Most types of NPCs (and thus their anatomies) can only be found in specific regions and biomes and some are more rare than others. Thus for hunters it helps to have cities all over Illy to be able to hunt different kinds of animals.
Guides/Details: Bolism hunting guide, Sene hunting guide and Illystuff (locations of NPCs and crafting)
Crafting
There is a huge amount of special items that can be created and equiped with the commanders and troops (see Illystuff for details). They require some more or less common herbs/anatomies/minerals as incredients. Crafters are often also hunters/gatherers or buy them at Centrum.
The items are created by building the corresponding crafting building. Some of the newer and more expensive items require magic incredients - you can create them by casting a spell in your mage tower.

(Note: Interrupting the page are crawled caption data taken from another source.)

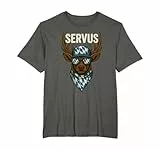 Servus Trachtenshirt Hirsch Trachten T-Shirt Tracht T-Shirt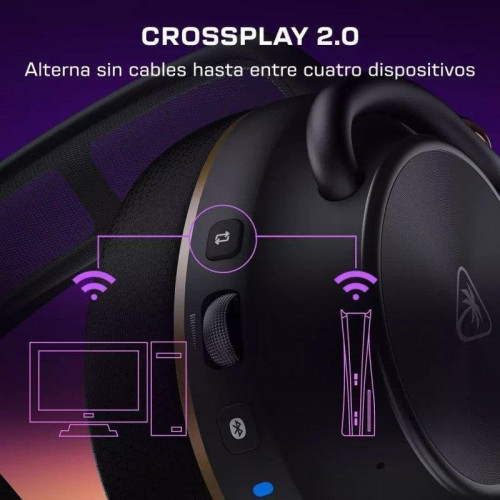 Auriculares Turtle Beach Stealth Pro II inalámbricos Bluetooth 5.3 Cancelación de Ruido XBOX Blancos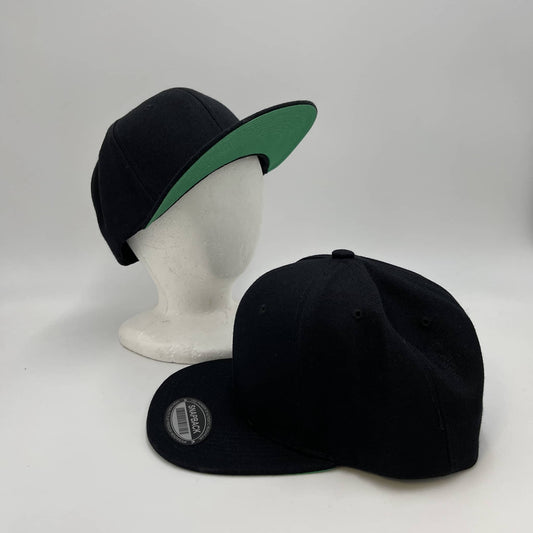 Plain UG Sandwich Velcro Black-Under Green Bill 12 pack PCVG303 Cap Hat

The items have a lot of different uses. Some are cheap and can be used in mass for PVP/tournaments. Some are more expensive and powerful and are usually only used when hunting.
Guides/Details: Illystuff
Trading
Trading is a big and important part in Illyriad. It is always a good idea to produce advanced resources (beer, cows, saddle, chainmail, swords) and sell them on the market if you do not need them. There are 3 different ways to trade:
- You can make an offer in your local town that others can accept. For example you can buy basic resources this way
- You can accept buy and sell orders on the market with the vans of your city. You accept them and the vans transport the goods to and from the hub.
- You can send traders to a hub and then make buy/sell offers there. Hubs have infinite space and you can complete orders instantly - which makes it an amazing trade tool later on. In case you need the items you can send vans to the hub and even make the hub the "home" of the vans (if you want).
For each trade you have to pay a small percentage of taxes. Thus trading outside of a hub (usually by sending the stuff directly to cities) is a common practice for bigger trades.
Big traders usually have a buy/sell offer for an item at the hubs and "flip" the item, i.e. sell the item for more than they bought it.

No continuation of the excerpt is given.